Di atas peta dunia, Indonesia tampak seperti kerajaan nikel raksasa

Di atas peta dunia, Indonesia tampak seperti kerajaan nikel raksasa—malu-malu, tapi kaya. Setidaknya itu yang dikatakan pejabat setiap kali kamera televisi menatap mereka: “Kita pengendali nikel dunia. Kita raja baterai masa depan.” Sayangnya, dunia industri tidak pernah bekerja dengan pidato.

Di Pulau Obi, Halmahera, Weda Bay, dan Maluku Utara, suara mesin pabrik HPAL meraung siang malam, sementara sungai berubah warna, tanah retak, dan kampung tenggelam lumpur tailing. Negara bersorak: “Lihat, hilirisasi kita sukses!” Padahal kalau kita buka laporan keuangan global, hasilnya sederhana: Indonesia dapat lumpur. Jepang dapat laba.

Karena begitulah rantai pasok bekerja.
Kita membanggakan smelter yang bahkan manual book-nya ditulis dalam bahasa Mandarin. China bangga membangun pabrik yang dibiayai bank BUMN kita.
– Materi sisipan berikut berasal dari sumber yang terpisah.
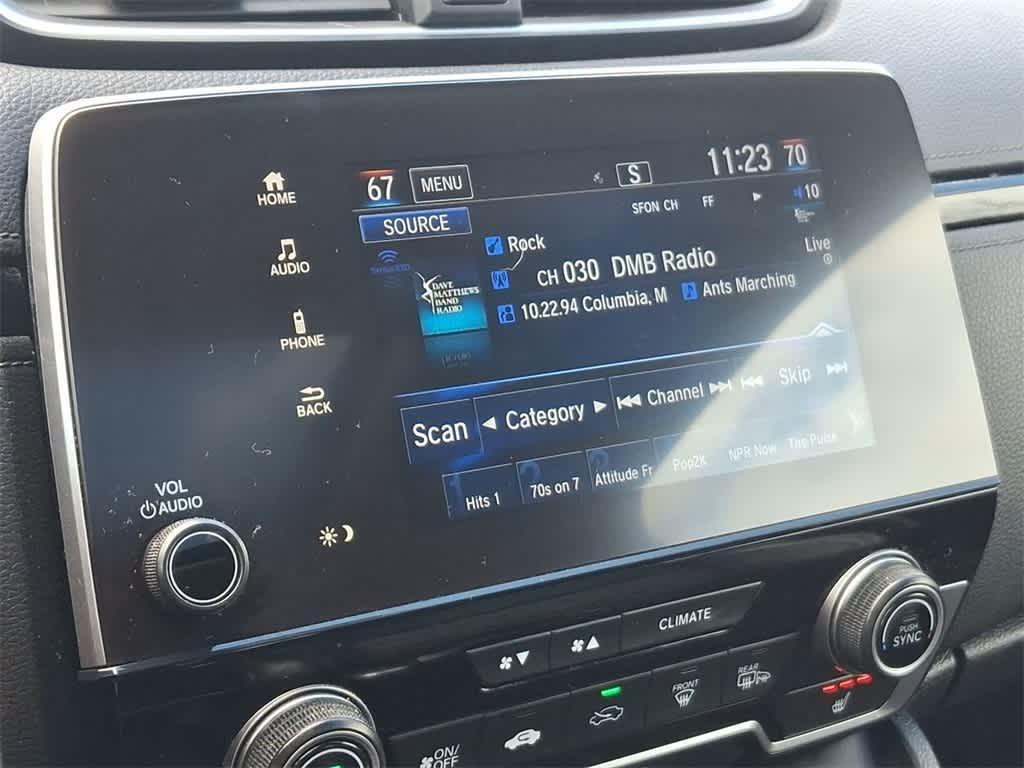 used 2020 Honda CR-V car, priced at $17,500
Ya mereka jual EPC.
Dan Jepang?
Ah, Jepang tidak perlu membangun apa pun. Tidak perlu mikirin ekologi. Jepang hanya duduk tenang sebagai off-taker, technology holder, dan price maker.
Nah Indonesia ? Kebagian memeras tanah, China memeras bijih, Jepang memeras margin.
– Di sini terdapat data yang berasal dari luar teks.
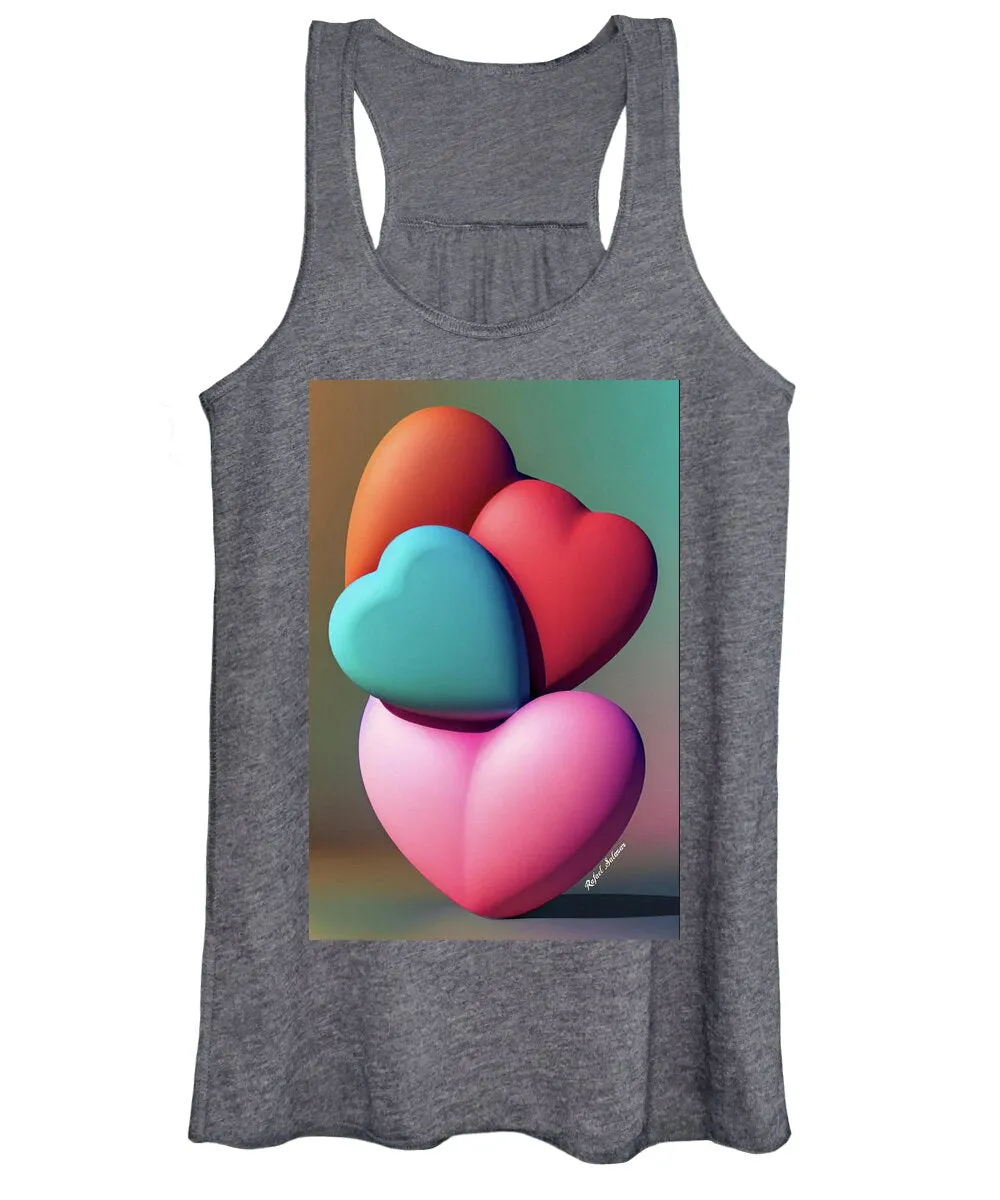 A Tower of Emotions - Women's Tank Top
Kita ini seperti petani yang berteriak menjadi eksportir besar, padahal harga ditentukan supermarket Tokyo dan Frankfurt. Kita hanya melihat asap pabrik. Mereka melihat angka net profit margin. Kita sibuk memamerkan MHP dan NPI. Mereka memonopoli cathode chemistry, battery-grade sulfate, dan R&D rantai pasok EV dunia. Kita percaya menjadi pemain global. Mereka tahu kita hanyalah proxy resource state.

Dan lucunya lagi, setiap kali banjir lumpur tailing merendam perkampungan, pejabat berkata: “Itu dampak kemajuan. Hilirisasi itu perlu pengorbanan.” Pengorbanan siapa? Tentu saja rakyat. Yang menikmati laba siapa? Tentu saja yang bukan rakyat.

Sampai kapan kita bangga dengan peran ini?
Bangga menjadi pemasok bahan mentah dalam drama energi global yang skenarionya ditulis Jepang, modalnya disponsori China, dan panggungnya disewa Indonesia? Sampai kapan kita puas dengan gelar “negara tambang plus pabrik murah”, sambil meyakinkan diri bahwa itu adalah kedaulatan?

Seorang ahli pernah berkata: “Negara maju mengekspor teknologi. Negara berkembang mengekspor tanahnya.” Kita tampaknya mengekspor tanah dan ilusi. Jadi kalau Anda bertanya mengapa nasionalisme ekonomi kita seperti rumah panggung tanpa fondasi, jawabannya sederhana: Karena kita bangga terlalu cepat, dan membaca terlalu lambat. Dan sementara kita merayakan hilirisasi di spanduk dan konferensi pers, Jepang menghitung laba dan tidak pernah berteriak apa-apa. Mereka tidak perlu bicara. Yang perlu bicara hanyalah negara yang masih berusaha terlihat berdaulat.

Jadi ya, ringkasannya begini saja: Indonesia dapat nama . Jepang dapat bahan baku untuk industri dalam negerinya yang bernilai tambah puluhan kali lipat . China dapat produksi supply chain dengan laba. Dan oligarki dapat izin dan fee.

Sisanya?
Rakyat dapat debu nikel dan kerusakan ekologi. Welcome to hilirisasi versi republik tropis: di mana yang bekerja keras adalah bumi, yang kaya adalah korporasi, dan yang bangga adalah pejabat. Dan yang memuja orang tolol!